What I'm Reading (June 29)

By Chuck Dinerstein, MD, MBA — Jun 29, 2023
The value of limitation The cost of speeding What’s to eat? How the media portrays us
Image by kconcha from Pixabay

For some, freedom is without constraints; for the "creatives," constraint is a necessary component in freeing their creative energies. 

“Scale Brain: the result of a worldview that looks upon restraint with confusion and sees self-imposed limitations as weakness. This mindset doesn’t care about craft or going out on top—it sees attention and even adoration as resources to mine until they are depleted. There has to be a movie in the works, because eyeballs and money are still on the table. There is content left to make!”

Welcome to the World without Endings, the Atlantic

 

I must confess I got my first traffic ticket perhaps one month after getting my driver’s license; it was for speeding. I lost my license for three months from the Courts and six from my parents.

“The Guinness World Record for the largest speeding fine is held by a Swedish motorist who was caught driving a red Ferrari Testarossa at 137 km/h in an 80 km/h zone in 2010. He was fined £180,000, or $223,700, for his offense.”

Sweden and Finland take a very different tack. From the Business Insider, A businessman in Finland was slapped with a $129,400 fine for driving over the speed limit

 

I remember my first space food, Tang. Yet despite its almost fluorescent orange and tangy taste, it is, at best, part of a complete diet.

“As NASA prepares to send astronauts farther into the solar system than ever before, the agency needs food systems that can fortify future crews in deep space for years at a time.
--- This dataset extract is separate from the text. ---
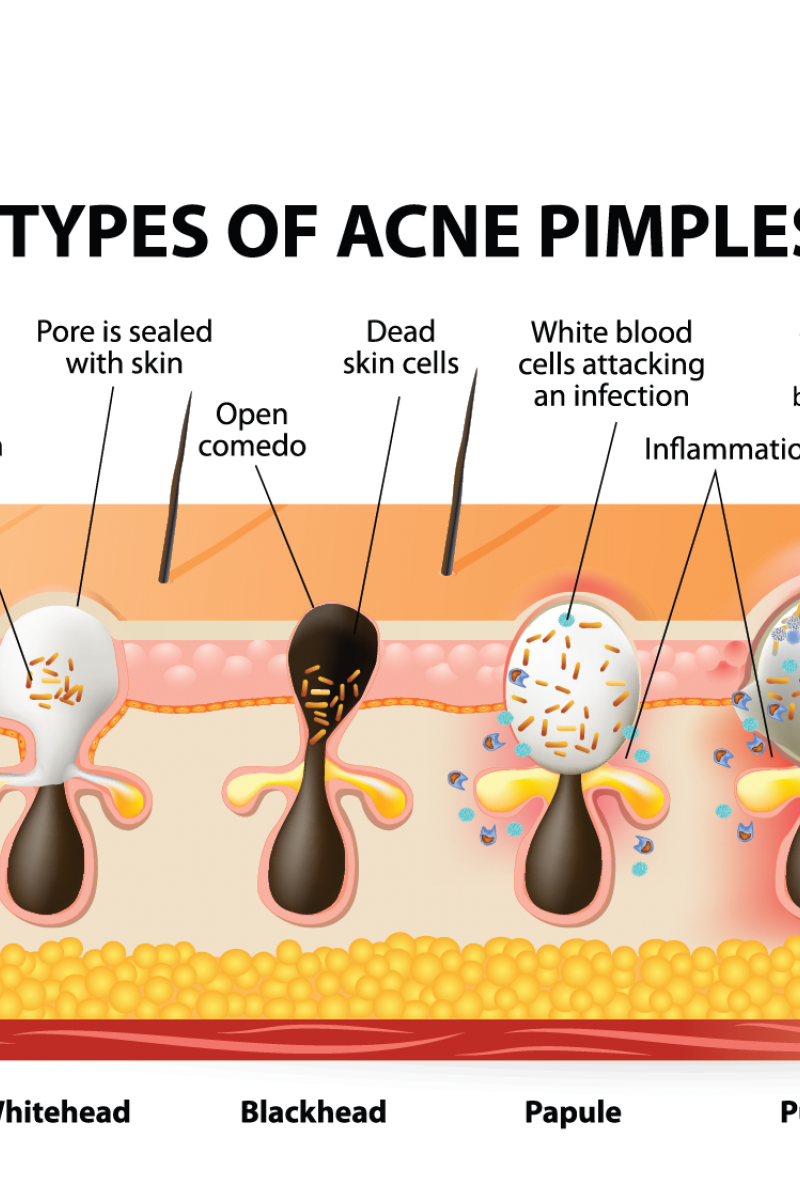 Acne PNG Isolated Pic | PNG Mart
The Deep Space Food Challenge calls on solvers from around the world to create technologies to help feed astronauts on future long-term space missions.”
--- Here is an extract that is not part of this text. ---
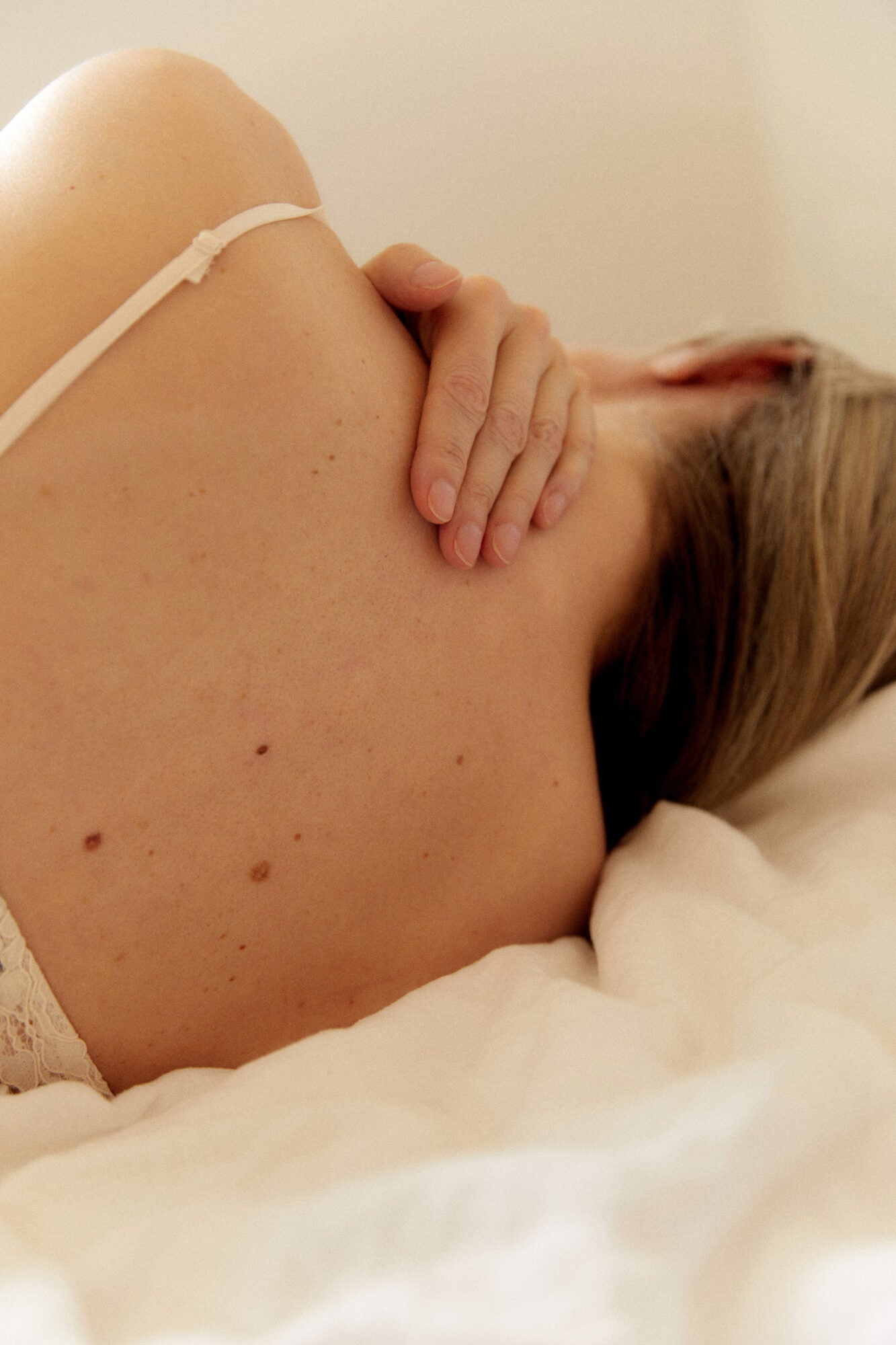 Seborrhoeic keratoses. What they are, and why they appear.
Here is what’s cooking from NASA, NASA Selects Winners, Announces Final Phase of Space Food Challenge

 

I was an active surgeon during the rise of HIV, and my work as a vascular surgeon resulted in exposure to lots and lots of infected blood. I never considered myself a hero; I just did my job – alright, sometimes that did require a nudge. The portrayal of COVID’s healthcare workers has been much different. How the media portray us can vary significantly from our reality. Conor Friedersdorf, who writes for The Atlantic, asks his readers to write in about discrepancies they have seen between their real lives and media coverage.

“I am a southerner—from the deepest of the deep South. We southerners don’t hear our own accent, just as my New England friends don’t hear their accents. It takes an outsider to hear and point out the sonic nuances that we never notice in ourselves. …

This is the problem with our political discourse and how it is reported on by perfectly good and conscientious journalists. None of us are capable of hearing our own ideological accents, but they are glaringly obvious to the rest of the world.”